Este problema no es ni mucho menos novedoso. En 1906, D. JAVIER UGARTE2, Ex-Ministro de Justicia, ya postulaba que “todas nuestras cárceles de partidos y nuestras cárceles correccionales no son más que encierros”.

Sin duda, tal percepción, trágica, más no menos empírica, lo impulsó a presentar un Proyecto de Ley de reforma del Código penal, que nunca llegó a tramitarse, en cuya Base novena3 preveía la redención de las penas privativas de libertad por “indemnización y resarcimiento”.

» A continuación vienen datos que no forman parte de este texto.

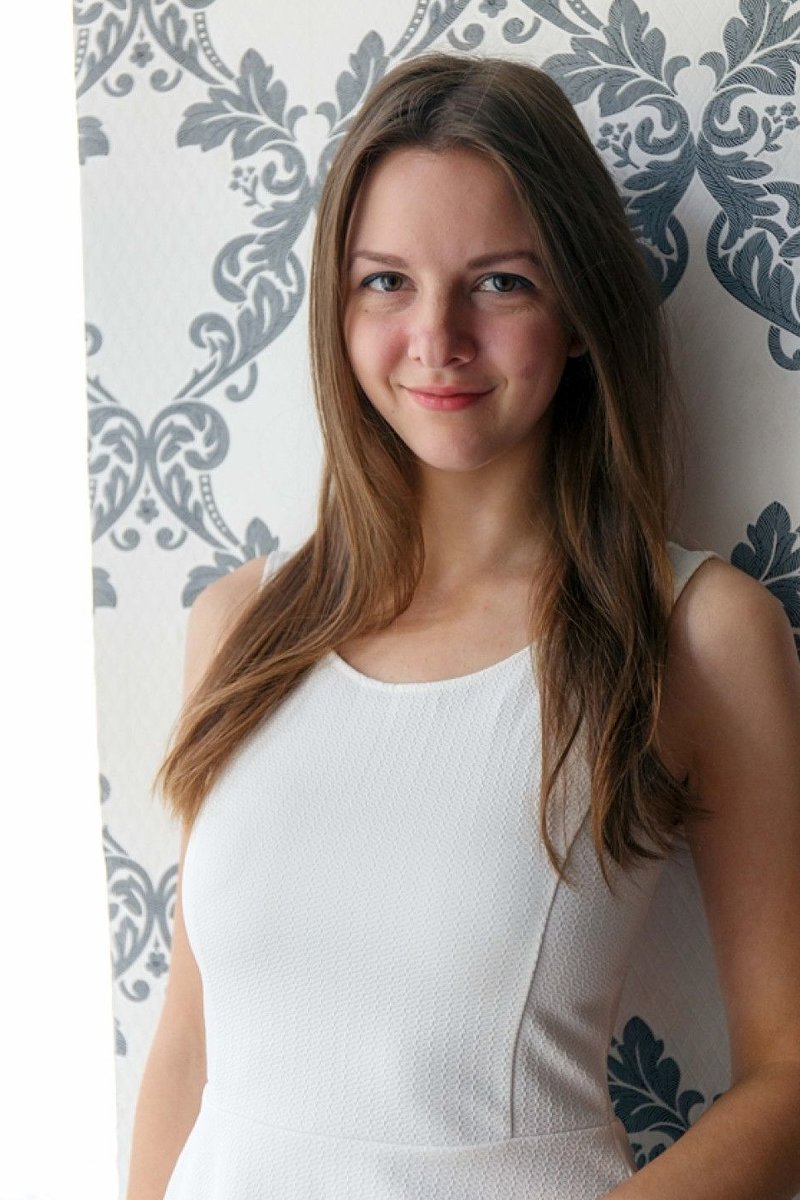 Алиса, 20 лет, 5 размер груди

Más reciente en el tiempo, QUINTERO4, sigue afirmando que la pena privativa de libertad continúa siendo hoy la “clave del sistema penal sin que se haya abierto nunca un debate profundo sobre la coherencia que debe existir entre la privación de libertad y la clase de conducta injusta o lo que de verdad aporta a la sociedad la privación de libertad de personas no violentas”.

Una realidad penitenciaria, sin duda, criticable y criticada, sobre todo por perpetuar, en palabras de RODRÍGUEZ ALONSO5, un modelo de prisión como “mero lugar de retención y custodia de las personas privadas de libertad”, que degenera con facilidad pasmosa en la máxima de que en la Cárcel, el bueno se hace malo y el malo se hace peor.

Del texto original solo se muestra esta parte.